E tudo a um passo, na cozinha. Sobre a mesa. Aos pés da cama esperando que eu decida logo para que possa lamber o que restar de mim. A cadela que espera fingindo, dormindo.
Juntas as circunstâncias, as oportunidades, sobre a cama, me resta pegar a faca e cortar o pescoço da cadela. Já que meus pés dormiram, já que quero saber o quanto sangra e posso ser uma cadela, experimento nela. Alvo animal que finge dormir.
Cadela que sempre soube quando ele chegava, seu carro estacionando na rua. Alvoroçada com o cheiro que dele exalava quando nos amávamos. Ela o sente na porta antes mesmo de tocar a campainha.
Esperta cadela que finge dormir e se levanta no momento em que a coragem e as circunstâncias estão todas presentes. Com a faca na mão, ela corre para a porta abanando rabo, dizendo que ele chegou, desesperada para se deitar no seu colo.
Mas não desta vez! Não quero saber de mais afagos, competição.
Posso ter uma chance pequena, mas mesmo assim arremesso a faca.
Uma pena que Roberto não tem sorte e a cadela tem reflexos, instintos, sai da mira. Se ele tivesse um pouco mais de sorte, estaria com as malas junto ao corpo protegendo-o do golpe de faca, se esquivaria da minha neurose quando nos conhecemos, quando eu tentei o suicídio na primeira discussão. Roberto não sabe o que é morrer de amor sujando o tapete. Cinematograficamente com as mãos no ferimento pedindo ajuda.

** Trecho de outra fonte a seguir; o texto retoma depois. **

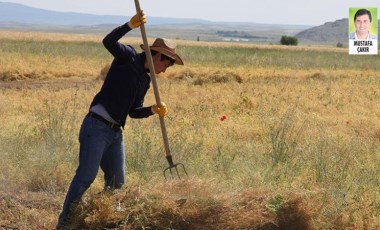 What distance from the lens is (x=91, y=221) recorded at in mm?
4031

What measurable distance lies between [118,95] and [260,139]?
441 cm

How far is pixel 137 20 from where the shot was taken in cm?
416

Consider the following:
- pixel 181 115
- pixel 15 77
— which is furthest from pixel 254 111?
pixel 15 77

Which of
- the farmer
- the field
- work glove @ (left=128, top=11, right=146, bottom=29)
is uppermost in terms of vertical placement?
work glove @ (left=128, top=11, right=146, bottom=29)

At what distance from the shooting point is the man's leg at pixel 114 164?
169 inches

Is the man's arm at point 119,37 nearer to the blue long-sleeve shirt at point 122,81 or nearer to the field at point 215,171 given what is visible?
the blue long-sleeve shirt at point 122,81

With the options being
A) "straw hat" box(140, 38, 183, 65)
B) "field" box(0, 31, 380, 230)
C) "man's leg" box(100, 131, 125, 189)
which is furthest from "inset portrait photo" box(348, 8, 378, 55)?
"man's leg" box(100, 131, 125, 189)

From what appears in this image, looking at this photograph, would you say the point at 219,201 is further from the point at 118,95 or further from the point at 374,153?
the point at 374,153

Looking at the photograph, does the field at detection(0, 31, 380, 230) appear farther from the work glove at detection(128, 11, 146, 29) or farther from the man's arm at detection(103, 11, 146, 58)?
the work glove at detection(128, 11, 146, 29)

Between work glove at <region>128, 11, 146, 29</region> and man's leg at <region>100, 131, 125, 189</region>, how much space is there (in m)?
0.79

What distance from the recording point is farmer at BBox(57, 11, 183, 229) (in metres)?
4.06

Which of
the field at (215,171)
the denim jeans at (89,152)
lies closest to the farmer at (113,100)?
the denim jeans at (89,152)

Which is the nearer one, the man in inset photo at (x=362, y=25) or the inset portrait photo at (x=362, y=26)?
the inset portrait photo at (x=362, y=26)

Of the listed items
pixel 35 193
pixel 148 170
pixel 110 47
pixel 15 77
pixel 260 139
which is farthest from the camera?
pixel 15 77
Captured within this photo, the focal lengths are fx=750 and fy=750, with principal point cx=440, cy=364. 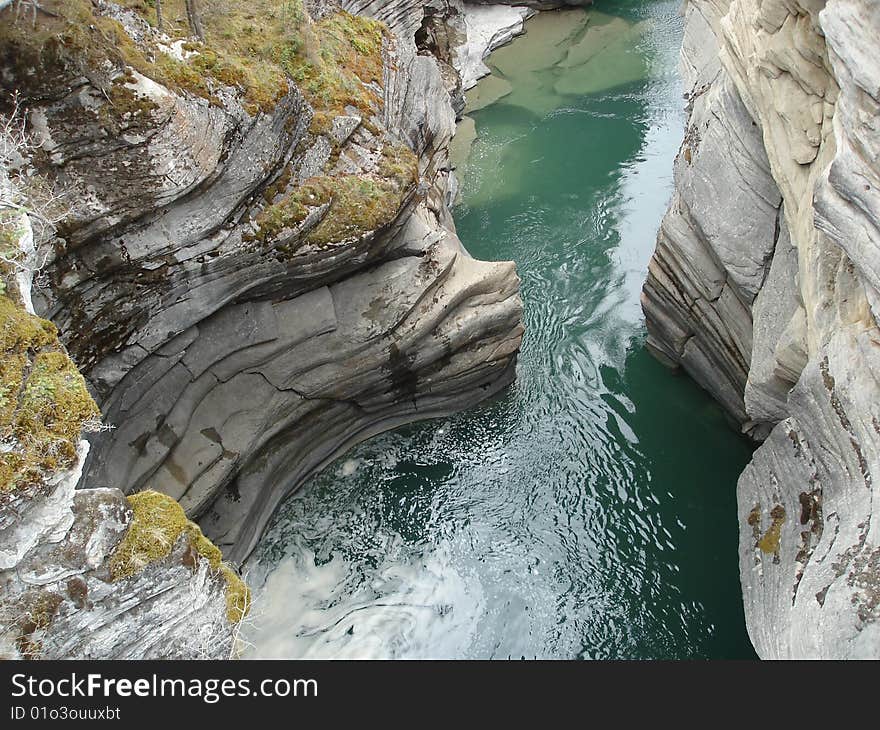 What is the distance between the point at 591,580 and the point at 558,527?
1083 mm

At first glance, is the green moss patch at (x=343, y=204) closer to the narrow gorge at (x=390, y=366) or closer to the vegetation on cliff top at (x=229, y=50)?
the narrow gorge at (x=390, y=366)

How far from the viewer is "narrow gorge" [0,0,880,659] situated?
24.1 feet

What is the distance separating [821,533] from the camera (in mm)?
8648

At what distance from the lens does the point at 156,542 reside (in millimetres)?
7258

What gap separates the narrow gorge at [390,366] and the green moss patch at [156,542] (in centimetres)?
3

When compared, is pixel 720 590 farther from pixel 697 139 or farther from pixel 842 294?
pixel 697 139

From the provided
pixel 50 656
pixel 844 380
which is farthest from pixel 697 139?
pixel 50 656

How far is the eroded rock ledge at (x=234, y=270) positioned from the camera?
9258 mm

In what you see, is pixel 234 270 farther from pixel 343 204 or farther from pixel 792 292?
pixel 792 292

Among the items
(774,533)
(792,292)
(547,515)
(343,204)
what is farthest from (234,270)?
(774,533)

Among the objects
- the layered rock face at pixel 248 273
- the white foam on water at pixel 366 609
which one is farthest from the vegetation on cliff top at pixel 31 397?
the white foam on water at pixel 366 609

Ainda há tempo de salvação, de pedidos de desculpas, de juras de amor. E, no entanto, quero tanto saber como é ter o vermelho nos lábios, como é sentir tanta dor, compartilhar uma vida, ter lida minha carta na escrivaninha, que não vejo mais graça em prolongar.
Ainda que doendo,sentindo tanto a morte de Roberto, caminho até a cozinha. Existem mais cortes em minha vida, outras feridas que não cicatrizaram, fraturas expostas. Pego a faca e fazemos um pacto, um acordo de núpcias, um casamento, com direito a rosas vermelhas no peito e uma cadela fazendo a assepsia lambendo meus olhos, minha dama de honra.